12. Heaps There is a sorting algorithm based on heaps called HeapSort. The algorithm is simply: –start with n unsorted data items –create a maxHeap (of size n) out of these items --- store it as an array –set i = n -1 swap the root (index 0) and last node (index i)‏ reheapify (downward reheapification) the tree that starts at the root (index 0) and goes to i-1 (do not include the nodes at i and higher in the new heap)‏ –recursively do this until the size of the tree we are heapifying is one (i=0)‏ –The array is now sorted from low to high. Draw on the board.

13. Heaps Let's implement a heap as an array. Let's implement code for a heap and methods to do downward and upward reheapification. Then we'll implement the heapSort algorithm.

14. Graphs Graphs consist of a set of vertices and a set of edges. An edge connects two vertices. Edges can be directed or undirected. Directed graphs' edges are all directed. Undirected graphs' edges are all undirected. Directed graphs are sometimes called digraphs. Two vertices are adjacent if an edge connects them. The degree of a vertex is the number of edges starting at the vertex. Two vertices v1 and v2 are on a path if there are a list of vertices starting at v1 and ending at v2 where each consecutive pair of vertices is adjacent.

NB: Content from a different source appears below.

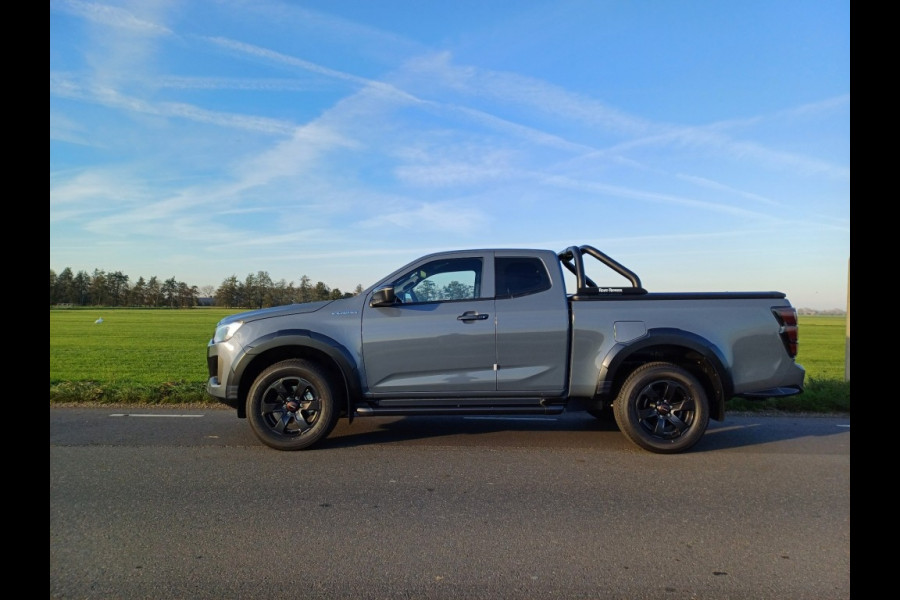 Isuzu D-max Extended Cab V-Cross $WD Automaat MY24 Isla Grey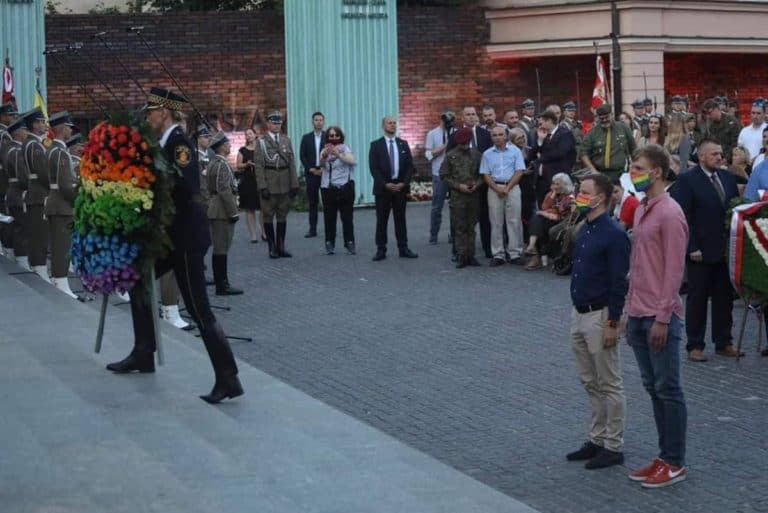 Tęczowy wieniec pod pomnikiem Powstania Warszawskiego. “Marna prowokacja”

15. Graphs The length of a path is the number of edges in the path. A simple path is one whose edges are all unique. A cycle is a simple path, starting and ending at the same vertex. A vertex is reachable from another vertex if there is a path between them. A graph is connected if all pairs of vertices in the graph have a path between them. Example on the board of a connected and an unconnected graph. A complete graph (aka fully connected graph) is a connected graph where all pairs of vertices in the graph are adjacent. Example on the board.

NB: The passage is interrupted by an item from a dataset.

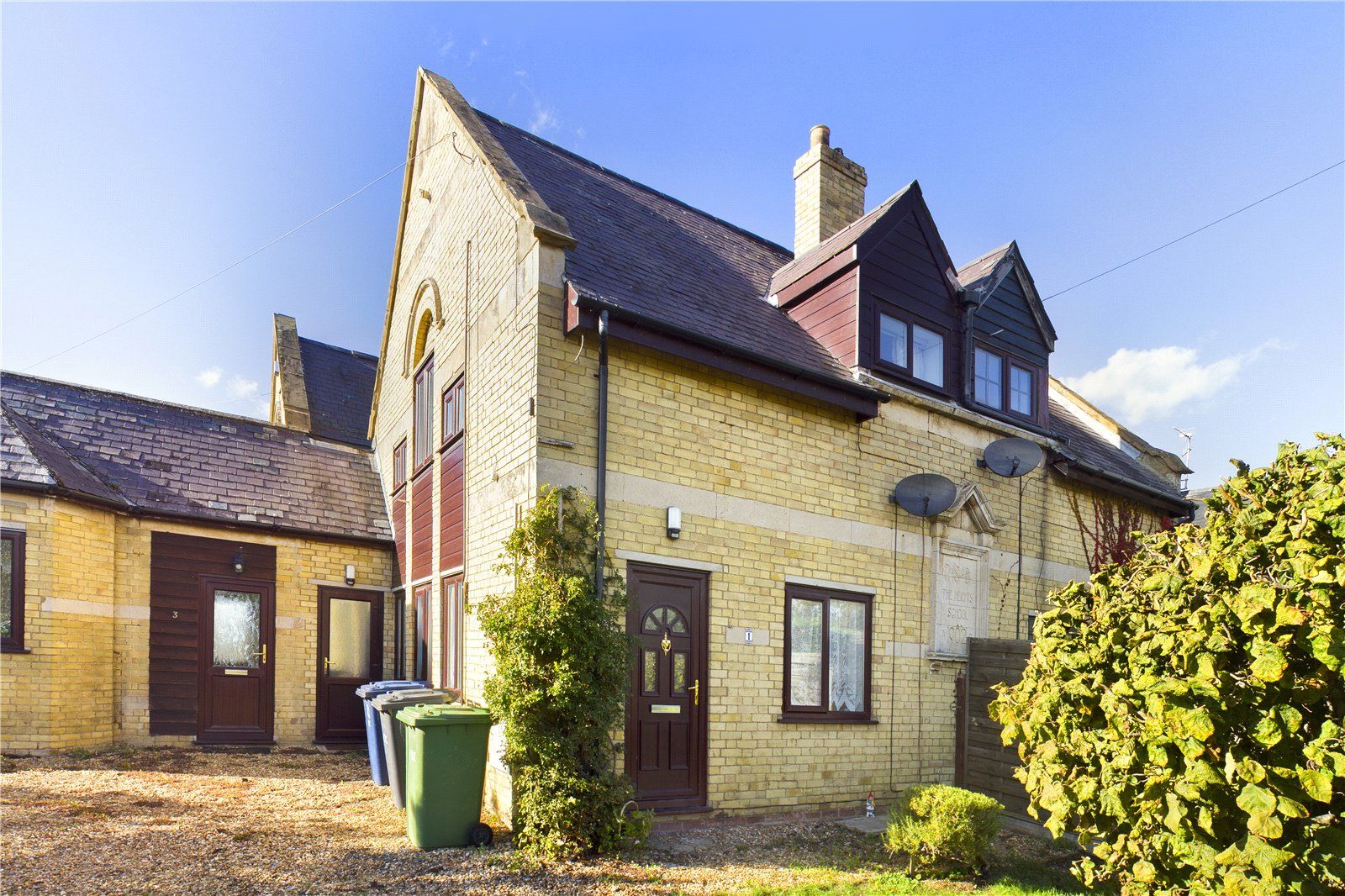 2 bed terraced house for sale in Ugg Mere Court Road, Ramsey Heights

16. Graphs Connectivity of a digraph –A digraph is strongly connected if there is a path from any vertex to any other vertex (following the directions of the edges)‏ –A digraph is weakly connected if in its underlying undirected graph, there is a path from any vertex to any other vertex Degree of a vertex in a digraph –In-degree of a vertex is the number of edges entering the vertex –Out-degree of a vertex is the number of edges leaving the vertex

17. Graphs Edges often have a weight associated with them. An edge's weight is some numeric value. Example on the board of using graphs to represent real world problems –e.g. A weighted graph that connect cities (vertices) and the weights of the edges might be length of time to travel between the two cities. –A graph whose vertices represent buildings on campus and edges are sidewalks connecting the buildings.